The National Security Cyber Section, called NatSec Cyber, for short, was announced Tuesday by Assistant Attorney General Matt Olsen who said it will place the Justice Department's work to combat national security cyber threats on equal footing with its counterterrorism and counterintelligence and export control sections.
"NatSex Cyber will give us the horsepower and organizational structure we need to carry out key roles of the department in this arena," Olsen said in a statement, adding that prosecutors in this newly launched sector "will be positioned to act quickly, as soon as the FBI or an IC partner identifies a cyber-enabled threat and to support investigations and disruptions from the earliest stages."
Olsen explained that via the new unit the NSD will be able to increase the scale and speed of its abilities to disrupt campaigns and prosecute nation-state cybercriminals, associated money launderers and other cyber threats to national security.
The announcement follows Deputy Attorney General Lisa Monaco in May 2021 directing a review of the department's cyber-related activities. Its creation also comes amid growing concerns over the threat posed to national security by state-sponsored hackers.
China, North Korea and Russia have been accused of being behind several recent cyberattacks against the United States.
On Thursday, the U.S. Cybersecurity and Infrastructure Security Agency said multiple federal agencies were victimized by Russian hackers.
Earlier this month, the United States and South Korea issued a joint cybersecurity advisory about a North Korean hacker group accused of having stolen technology used in Pyongyang's recent failed launch of a spy satellite.
The Five Eyes intelligence alliance of Australia, Britain, Canada, New Zealand and the United States in late May warned that they had discovered U.S. infrastructure sectors were being spied on by Chinese state-sponsored hackers.
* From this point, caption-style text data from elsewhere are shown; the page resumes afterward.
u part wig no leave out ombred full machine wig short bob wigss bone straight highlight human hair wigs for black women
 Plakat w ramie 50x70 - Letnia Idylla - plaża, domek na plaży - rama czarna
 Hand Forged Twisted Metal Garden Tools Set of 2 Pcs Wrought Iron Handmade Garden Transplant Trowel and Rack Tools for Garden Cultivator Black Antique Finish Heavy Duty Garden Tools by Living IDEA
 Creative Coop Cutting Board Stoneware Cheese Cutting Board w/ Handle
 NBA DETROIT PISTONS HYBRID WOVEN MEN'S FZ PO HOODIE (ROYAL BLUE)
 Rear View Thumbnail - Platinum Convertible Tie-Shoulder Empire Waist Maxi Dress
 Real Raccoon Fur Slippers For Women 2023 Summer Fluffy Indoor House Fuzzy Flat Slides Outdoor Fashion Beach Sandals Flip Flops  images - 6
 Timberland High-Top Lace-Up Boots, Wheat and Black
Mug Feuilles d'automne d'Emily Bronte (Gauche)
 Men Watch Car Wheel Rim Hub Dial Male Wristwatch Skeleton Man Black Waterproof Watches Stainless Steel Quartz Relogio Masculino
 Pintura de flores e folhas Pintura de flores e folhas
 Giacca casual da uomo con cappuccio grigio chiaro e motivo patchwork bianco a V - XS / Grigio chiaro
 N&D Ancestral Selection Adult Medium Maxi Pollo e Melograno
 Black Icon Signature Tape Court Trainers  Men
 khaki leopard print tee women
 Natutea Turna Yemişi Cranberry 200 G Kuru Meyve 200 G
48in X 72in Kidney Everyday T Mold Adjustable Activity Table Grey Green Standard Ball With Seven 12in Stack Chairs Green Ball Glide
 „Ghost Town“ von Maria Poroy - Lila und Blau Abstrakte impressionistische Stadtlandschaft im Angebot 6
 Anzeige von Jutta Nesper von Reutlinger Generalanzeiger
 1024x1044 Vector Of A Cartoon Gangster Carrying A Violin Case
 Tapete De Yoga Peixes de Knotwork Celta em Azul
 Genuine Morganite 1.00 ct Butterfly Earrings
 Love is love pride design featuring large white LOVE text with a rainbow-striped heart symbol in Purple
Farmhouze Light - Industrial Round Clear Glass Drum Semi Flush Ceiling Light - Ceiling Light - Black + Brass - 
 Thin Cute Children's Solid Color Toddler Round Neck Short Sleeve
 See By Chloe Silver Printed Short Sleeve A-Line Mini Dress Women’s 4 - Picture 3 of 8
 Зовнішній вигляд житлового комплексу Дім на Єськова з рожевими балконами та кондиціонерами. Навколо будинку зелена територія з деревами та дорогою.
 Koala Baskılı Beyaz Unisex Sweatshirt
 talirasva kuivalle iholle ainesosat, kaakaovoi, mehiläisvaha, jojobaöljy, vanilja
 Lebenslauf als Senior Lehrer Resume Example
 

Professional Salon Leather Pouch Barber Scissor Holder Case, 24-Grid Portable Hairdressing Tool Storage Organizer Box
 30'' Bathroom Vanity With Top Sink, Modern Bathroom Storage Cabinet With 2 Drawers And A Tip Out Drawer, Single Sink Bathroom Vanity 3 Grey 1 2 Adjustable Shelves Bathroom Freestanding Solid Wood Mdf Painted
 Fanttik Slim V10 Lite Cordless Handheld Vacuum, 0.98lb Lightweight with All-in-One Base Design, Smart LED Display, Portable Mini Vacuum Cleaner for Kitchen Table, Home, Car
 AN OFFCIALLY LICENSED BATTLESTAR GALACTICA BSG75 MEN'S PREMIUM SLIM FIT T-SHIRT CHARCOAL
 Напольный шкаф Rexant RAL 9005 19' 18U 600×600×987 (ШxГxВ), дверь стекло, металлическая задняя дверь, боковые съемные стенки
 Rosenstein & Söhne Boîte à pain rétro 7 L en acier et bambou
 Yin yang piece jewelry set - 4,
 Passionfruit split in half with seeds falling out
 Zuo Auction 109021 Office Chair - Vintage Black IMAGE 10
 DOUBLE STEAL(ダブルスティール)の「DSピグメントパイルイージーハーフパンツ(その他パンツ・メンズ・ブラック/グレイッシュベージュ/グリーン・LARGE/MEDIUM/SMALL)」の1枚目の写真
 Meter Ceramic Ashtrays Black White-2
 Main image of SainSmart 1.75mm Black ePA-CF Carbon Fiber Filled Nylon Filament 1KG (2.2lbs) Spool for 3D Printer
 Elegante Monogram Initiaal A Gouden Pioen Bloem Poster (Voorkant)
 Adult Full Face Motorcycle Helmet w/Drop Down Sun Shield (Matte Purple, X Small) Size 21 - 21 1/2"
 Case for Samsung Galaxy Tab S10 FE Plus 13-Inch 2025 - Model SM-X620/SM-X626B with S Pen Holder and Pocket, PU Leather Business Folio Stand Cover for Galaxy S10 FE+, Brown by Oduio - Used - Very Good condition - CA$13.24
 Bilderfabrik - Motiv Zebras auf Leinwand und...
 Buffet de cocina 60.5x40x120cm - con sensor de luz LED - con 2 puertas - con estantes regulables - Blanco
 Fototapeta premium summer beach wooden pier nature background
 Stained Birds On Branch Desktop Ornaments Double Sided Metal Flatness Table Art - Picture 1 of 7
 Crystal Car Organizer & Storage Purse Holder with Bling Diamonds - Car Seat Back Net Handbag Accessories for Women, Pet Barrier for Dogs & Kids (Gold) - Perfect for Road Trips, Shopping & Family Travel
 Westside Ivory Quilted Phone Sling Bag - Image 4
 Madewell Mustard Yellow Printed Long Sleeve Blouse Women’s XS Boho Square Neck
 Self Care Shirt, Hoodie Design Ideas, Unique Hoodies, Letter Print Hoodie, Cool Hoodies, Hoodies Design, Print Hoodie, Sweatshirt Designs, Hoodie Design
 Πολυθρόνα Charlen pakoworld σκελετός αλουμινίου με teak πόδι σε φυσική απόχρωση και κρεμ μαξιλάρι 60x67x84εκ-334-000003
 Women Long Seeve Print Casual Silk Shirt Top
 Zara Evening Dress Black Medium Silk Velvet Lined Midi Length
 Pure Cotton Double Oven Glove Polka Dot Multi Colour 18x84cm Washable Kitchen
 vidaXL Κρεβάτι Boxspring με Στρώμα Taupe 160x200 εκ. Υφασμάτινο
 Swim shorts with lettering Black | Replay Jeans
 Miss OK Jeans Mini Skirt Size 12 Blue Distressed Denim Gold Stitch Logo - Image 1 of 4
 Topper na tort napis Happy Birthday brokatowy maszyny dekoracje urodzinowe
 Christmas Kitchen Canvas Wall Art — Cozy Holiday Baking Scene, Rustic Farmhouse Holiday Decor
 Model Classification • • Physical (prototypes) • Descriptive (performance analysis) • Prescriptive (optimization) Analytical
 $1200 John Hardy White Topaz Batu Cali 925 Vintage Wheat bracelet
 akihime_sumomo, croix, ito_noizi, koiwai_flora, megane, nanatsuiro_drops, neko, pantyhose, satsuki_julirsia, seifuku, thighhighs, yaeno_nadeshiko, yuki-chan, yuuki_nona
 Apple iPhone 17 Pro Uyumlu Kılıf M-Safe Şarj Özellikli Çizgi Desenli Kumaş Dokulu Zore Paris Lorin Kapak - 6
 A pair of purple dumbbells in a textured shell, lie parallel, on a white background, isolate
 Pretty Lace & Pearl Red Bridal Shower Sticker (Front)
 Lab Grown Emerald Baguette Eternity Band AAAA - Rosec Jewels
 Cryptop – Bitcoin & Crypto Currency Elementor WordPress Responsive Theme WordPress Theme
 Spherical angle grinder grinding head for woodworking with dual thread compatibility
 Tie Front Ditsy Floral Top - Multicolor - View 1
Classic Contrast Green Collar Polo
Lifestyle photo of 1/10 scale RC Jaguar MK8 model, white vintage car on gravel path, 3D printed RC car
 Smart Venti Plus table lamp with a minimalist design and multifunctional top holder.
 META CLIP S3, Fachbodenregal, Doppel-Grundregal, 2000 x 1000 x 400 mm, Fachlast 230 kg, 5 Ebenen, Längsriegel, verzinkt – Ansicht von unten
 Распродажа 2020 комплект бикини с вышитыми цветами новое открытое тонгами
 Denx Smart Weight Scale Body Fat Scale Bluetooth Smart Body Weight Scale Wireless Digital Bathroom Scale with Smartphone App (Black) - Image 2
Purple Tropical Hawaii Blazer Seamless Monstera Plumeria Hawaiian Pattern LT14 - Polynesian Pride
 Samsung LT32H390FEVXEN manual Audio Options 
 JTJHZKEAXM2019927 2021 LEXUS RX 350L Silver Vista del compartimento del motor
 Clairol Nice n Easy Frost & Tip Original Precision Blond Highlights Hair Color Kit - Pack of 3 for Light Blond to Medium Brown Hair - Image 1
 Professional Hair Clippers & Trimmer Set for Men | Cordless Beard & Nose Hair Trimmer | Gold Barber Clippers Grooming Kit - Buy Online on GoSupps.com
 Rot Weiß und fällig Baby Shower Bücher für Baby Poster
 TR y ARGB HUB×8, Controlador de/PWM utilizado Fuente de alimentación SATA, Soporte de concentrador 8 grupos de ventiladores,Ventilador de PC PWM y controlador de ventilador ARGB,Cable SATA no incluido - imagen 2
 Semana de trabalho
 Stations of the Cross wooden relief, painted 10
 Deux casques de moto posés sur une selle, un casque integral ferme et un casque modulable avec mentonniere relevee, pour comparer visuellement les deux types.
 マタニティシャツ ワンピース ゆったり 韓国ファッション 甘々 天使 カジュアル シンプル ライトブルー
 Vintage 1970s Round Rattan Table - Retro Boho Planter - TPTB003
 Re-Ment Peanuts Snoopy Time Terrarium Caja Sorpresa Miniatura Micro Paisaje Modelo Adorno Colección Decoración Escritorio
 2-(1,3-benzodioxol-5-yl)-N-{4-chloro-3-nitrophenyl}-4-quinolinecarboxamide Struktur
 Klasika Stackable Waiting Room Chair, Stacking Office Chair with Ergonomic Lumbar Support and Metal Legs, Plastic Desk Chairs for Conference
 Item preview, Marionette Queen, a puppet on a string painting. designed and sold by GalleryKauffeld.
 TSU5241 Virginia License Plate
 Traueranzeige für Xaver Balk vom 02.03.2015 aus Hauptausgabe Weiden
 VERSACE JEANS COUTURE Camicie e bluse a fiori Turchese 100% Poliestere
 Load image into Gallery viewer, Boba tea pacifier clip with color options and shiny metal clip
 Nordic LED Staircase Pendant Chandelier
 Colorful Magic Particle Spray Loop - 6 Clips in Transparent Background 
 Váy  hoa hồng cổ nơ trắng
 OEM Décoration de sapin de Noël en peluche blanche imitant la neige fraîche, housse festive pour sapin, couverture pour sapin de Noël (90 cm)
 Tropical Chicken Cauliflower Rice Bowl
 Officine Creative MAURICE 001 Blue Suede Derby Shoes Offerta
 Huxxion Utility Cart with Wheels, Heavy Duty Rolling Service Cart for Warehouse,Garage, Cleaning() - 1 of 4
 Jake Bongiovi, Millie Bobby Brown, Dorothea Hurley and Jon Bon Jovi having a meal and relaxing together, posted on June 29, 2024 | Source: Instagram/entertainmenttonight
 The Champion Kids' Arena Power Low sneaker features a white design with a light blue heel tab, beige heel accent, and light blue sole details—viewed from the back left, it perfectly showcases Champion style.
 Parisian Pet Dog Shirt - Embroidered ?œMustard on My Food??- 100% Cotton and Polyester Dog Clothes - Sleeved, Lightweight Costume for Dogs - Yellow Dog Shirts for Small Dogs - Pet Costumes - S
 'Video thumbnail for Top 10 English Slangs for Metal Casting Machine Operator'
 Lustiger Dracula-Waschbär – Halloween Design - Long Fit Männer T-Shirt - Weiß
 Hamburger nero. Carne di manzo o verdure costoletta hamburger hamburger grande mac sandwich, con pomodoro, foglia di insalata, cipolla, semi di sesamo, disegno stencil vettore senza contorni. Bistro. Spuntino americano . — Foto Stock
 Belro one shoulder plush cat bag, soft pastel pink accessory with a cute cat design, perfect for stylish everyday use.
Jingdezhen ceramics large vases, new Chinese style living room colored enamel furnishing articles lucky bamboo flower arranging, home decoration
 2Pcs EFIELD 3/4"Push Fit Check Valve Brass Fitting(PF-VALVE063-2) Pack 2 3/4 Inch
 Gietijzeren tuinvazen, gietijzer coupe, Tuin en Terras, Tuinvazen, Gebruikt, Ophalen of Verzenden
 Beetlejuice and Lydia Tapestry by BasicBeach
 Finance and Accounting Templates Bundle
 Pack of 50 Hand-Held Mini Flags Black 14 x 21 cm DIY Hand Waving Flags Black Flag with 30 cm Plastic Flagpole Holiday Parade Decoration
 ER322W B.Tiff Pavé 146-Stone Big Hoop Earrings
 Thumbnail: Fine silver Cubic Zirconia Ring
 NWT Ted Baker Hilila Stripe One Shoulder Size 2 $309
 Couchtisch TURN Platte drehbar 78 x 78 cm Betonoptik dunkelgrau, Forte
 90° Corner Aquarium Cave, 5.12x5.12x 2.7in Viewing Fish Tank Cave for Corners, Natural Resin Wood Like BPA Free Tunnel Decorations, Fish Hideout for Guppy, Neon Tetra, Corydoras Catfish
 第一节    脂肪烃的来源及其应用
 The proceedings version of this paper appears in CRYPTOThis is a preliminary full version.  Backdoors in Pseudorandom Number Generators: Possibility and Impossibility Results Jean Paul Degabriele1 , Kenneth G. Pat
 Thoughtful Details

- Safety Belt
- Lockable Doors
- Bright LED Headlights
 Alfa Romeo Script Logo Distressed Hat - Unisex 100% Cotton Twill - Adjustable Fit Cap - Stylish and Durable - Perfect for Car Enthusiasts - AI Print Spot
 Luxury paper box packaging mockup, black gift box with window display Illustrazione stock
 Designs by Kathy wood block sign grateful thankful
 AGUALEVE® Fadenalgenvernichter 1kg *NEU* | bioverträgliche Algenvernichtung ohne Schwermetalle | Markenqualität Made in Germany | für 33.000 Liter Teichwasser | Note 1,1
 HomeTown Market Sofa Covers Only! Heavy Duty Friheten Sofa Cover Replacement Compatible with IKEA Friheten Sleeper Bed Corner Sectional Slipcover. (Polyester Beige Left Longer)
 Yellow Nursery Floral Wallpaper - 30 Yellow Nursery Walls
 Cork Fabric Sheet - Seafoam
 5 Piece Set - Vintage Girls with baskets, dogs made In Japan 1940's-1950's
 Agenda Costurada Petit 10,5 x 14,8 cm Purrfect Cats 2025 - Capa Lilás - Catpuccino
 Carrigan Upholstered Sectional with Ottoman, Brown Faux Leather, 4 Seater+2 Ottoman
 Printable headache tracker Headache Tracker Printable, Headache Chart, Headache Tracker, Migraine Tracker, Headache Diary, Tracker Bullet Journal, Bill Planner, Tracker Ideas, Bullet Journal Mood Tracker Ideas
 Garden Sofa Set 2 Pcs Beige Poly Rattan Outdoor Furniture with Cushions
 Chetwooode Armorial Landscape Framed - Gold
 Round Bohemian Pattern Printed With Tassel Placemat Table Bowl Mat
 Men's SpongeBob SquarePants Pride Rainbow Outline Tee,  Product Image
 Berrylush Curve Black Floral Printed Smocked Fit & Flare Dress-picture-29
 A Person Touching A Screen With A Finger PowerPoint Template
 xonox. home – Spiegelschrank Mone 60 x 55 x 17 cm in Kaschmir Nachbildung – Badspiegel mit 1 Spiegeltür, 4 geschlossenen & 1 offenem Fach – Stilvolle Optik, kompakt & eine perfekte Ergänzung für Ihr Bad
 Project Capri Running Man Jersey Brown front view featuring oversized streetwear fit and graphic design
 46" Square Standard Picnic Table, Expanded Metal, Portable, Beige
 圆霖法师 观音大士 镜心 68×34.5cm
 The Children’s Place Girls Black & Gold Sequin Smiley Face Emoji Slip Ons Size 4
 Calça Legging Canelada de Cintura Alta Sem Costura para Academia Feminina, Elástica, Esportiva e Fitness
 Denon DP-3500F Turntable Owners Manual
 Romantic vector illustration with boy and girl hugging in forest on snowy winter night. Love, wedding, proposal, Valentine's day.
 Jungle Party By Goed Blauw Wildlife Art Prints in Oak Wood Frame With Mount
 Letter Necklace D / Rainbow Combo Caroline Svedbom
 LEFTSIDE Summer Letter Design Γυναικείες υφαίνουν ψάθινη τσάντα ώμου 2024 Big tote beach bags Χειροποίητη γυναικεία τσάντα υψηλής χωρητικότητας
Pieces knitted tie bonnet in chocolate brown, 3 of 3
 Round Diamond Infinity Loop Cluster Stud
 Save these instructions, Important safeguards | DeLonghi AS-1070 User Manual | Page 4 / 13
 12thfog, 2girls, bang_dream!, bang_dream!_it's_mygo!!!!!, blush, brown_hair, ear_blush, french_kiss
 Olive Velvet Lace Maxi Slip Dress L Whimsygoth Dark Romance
Olsen added that the new Justice Department unit will also serve as an "incubator" as responding to highly technical cyber threats requires significant time and resources," Olsen said.
"Here's the bottom line: Cybersecurity is a matter of national security," Olsen said.
"Our cyberadversaries are innovative and constantly adjusting their tactics to hide from our investigators and to overcome our network defenders. NSD is committed to matching our adversaries by adjusting our tactics and organization to bring all of our tools, authorities and expertise to this fight."